§ **PROBLEM TO WORK ON**:
What are the lines below, starting at the line containing "加强营养，多吃新鲜蔬菜和水果，增强体质。 5. 定期复查，了解病情变化，及时调整治疗方案。" and ending at the line containing "Все говорят одно и то же. (Тит Ливий)"? Write them out exactly, ends included, without pictures.

§ **TASK DATA**:
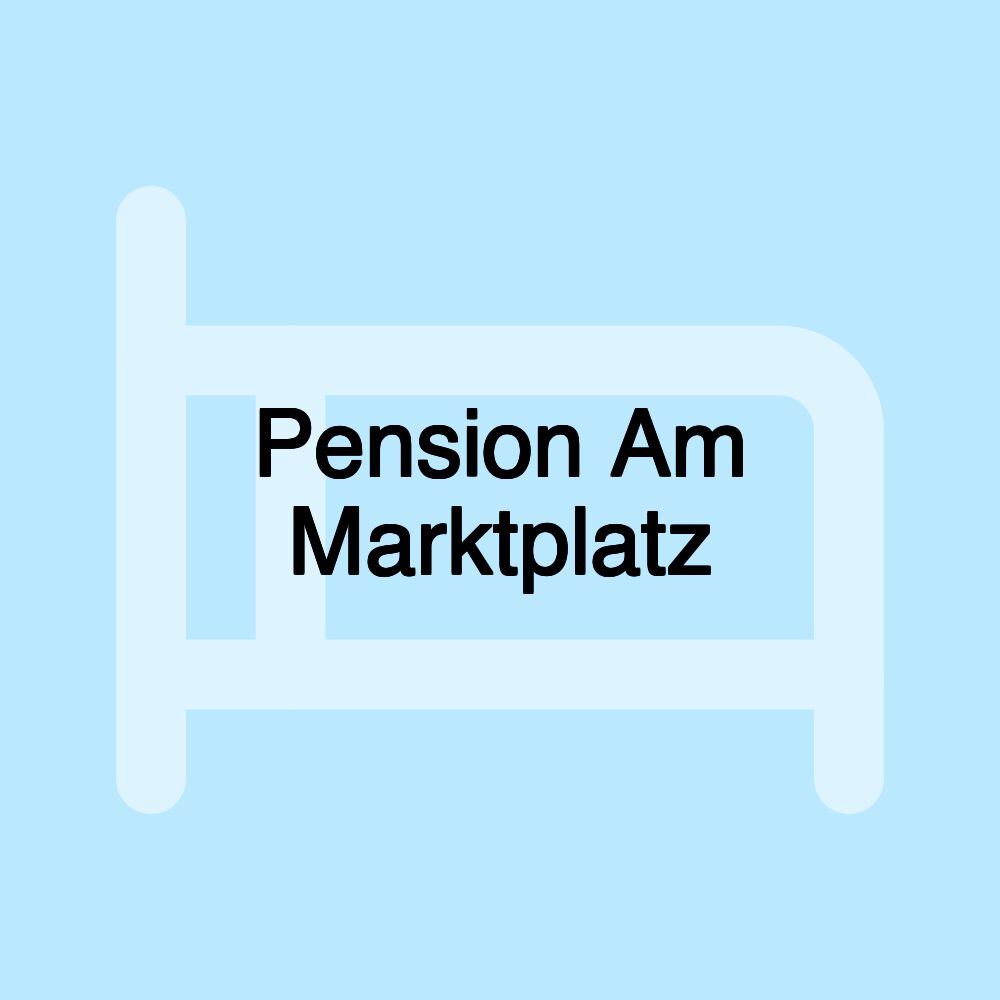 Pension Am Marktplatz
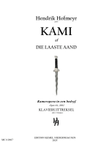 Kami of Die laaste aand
* * *
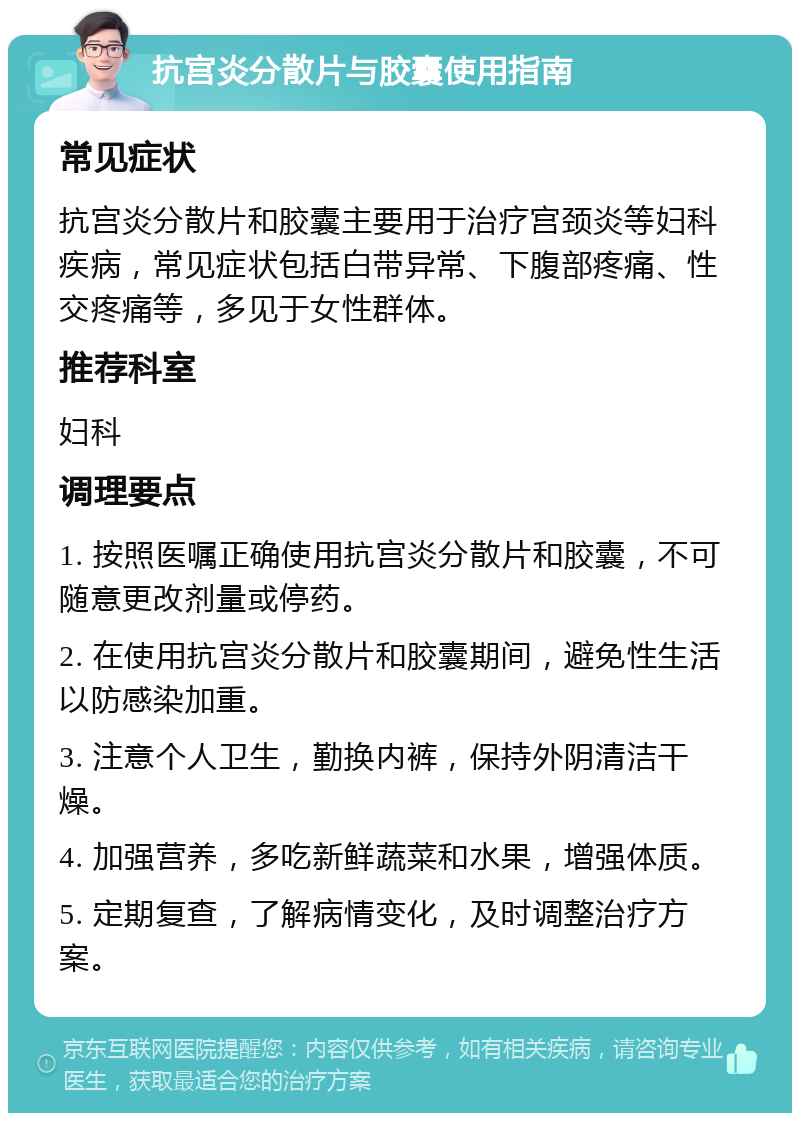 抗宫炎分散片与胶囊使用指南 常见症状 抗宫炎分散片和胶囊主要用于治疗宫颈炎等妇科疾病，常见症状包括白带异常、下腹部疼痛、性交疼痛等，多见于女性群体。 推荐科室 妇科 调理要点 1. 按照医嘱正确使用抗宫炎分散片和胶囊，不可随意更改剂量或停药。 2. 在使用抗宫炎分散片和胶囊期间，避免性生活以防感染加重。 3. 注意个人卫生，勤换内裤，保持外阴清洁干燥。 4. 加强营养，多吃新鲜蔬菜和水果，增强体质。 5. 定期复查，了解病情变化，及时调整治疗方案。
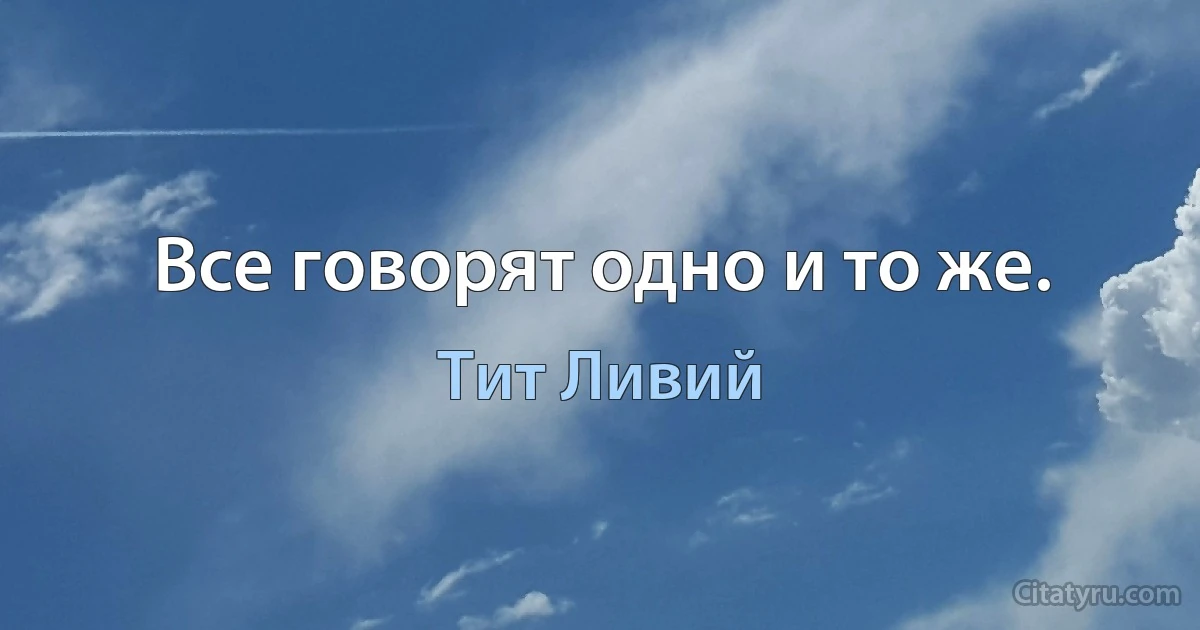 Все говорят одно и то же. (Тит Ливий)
...
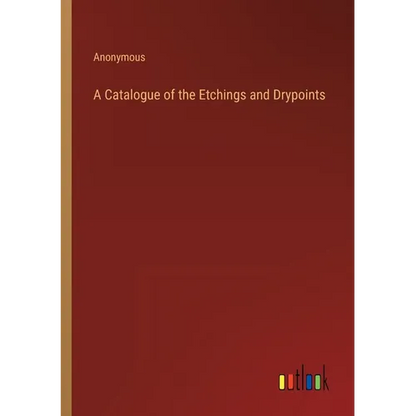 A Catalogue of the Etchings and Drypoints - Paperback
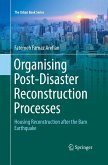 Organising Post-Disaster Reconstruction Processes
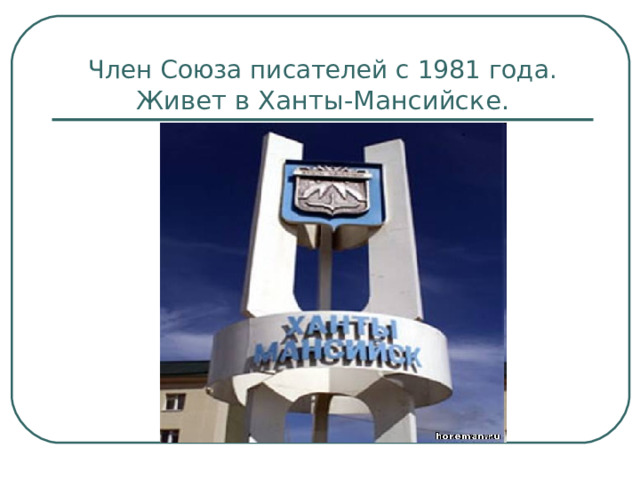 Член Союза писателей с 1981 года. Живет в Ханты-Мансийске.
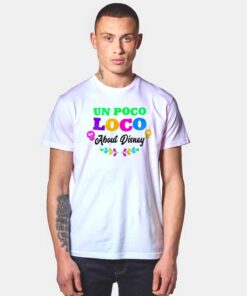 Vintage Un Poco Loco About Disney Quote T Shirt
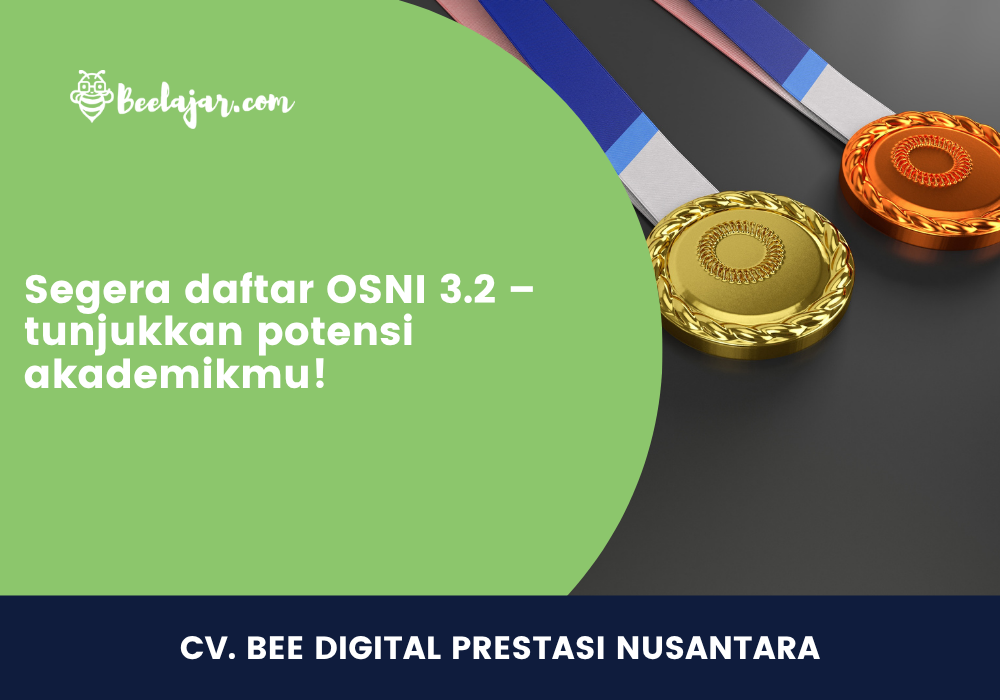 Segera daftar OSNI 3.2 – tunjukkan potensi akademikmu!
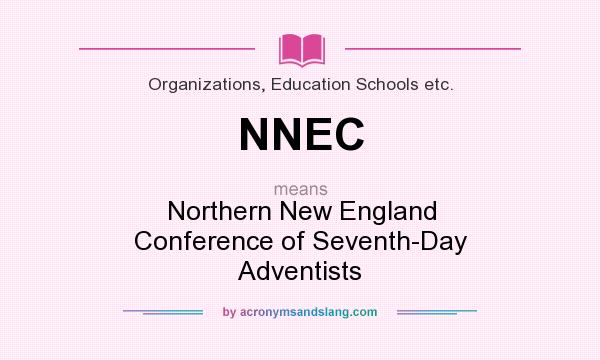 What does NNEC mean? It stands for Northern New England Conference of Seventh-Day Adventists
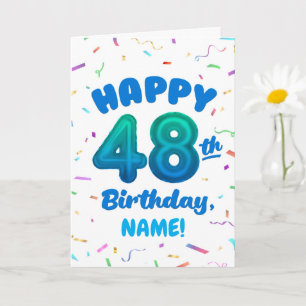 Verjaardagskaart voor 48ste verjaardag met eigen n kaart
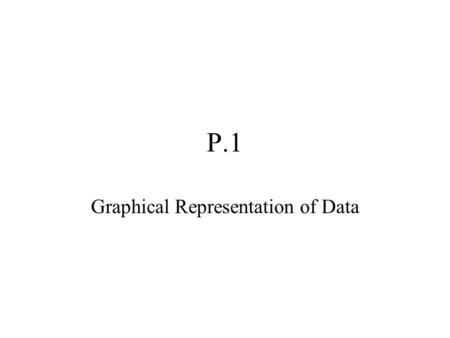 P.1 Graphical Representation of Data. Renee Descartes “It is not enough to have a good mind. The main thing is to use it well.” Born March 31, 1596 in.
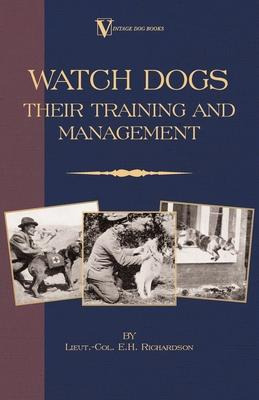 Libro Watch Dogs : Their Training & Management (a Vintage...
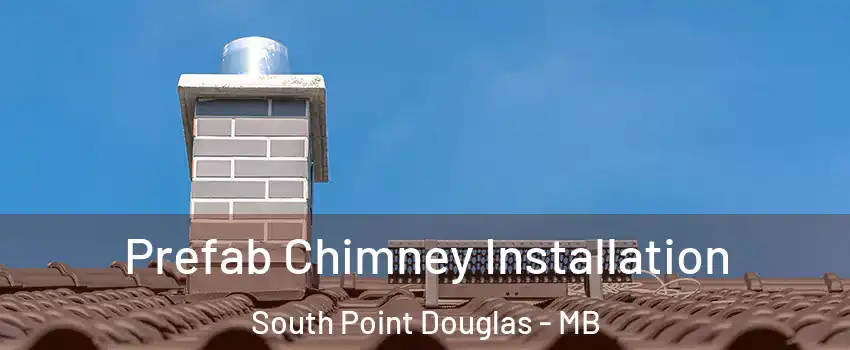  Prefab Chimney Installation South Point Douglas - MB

§ **ANSWER BOX**:
 抗宫炎分散片与胶囊使用指南 常见症状 抗宫炎分散片和胶囊主要用于治疗宫颈炎等妇科疾病，常见症状包括白带异常、下腹部疼痛、性交疼痛等，多见于女性群体。 推荐科室 妇科 调理要点 1. 按照医嘱正确使用抗宫炎分散片和胶囊，不可随意更改剂量或停药。 2. 在使用抗宫炎分散片和胶囊期间，避免性生活以防感染加重。 3. 注意个人卫生，勤换内裤，保持外阴清洁干燥。 4. 加强营养，多吃新鲜蔬菜和水果，增强体质。 5. 定期复查，了解病情变化，及时调整治疗方案。
 Все говорят одно и то же. (Тит Ливий)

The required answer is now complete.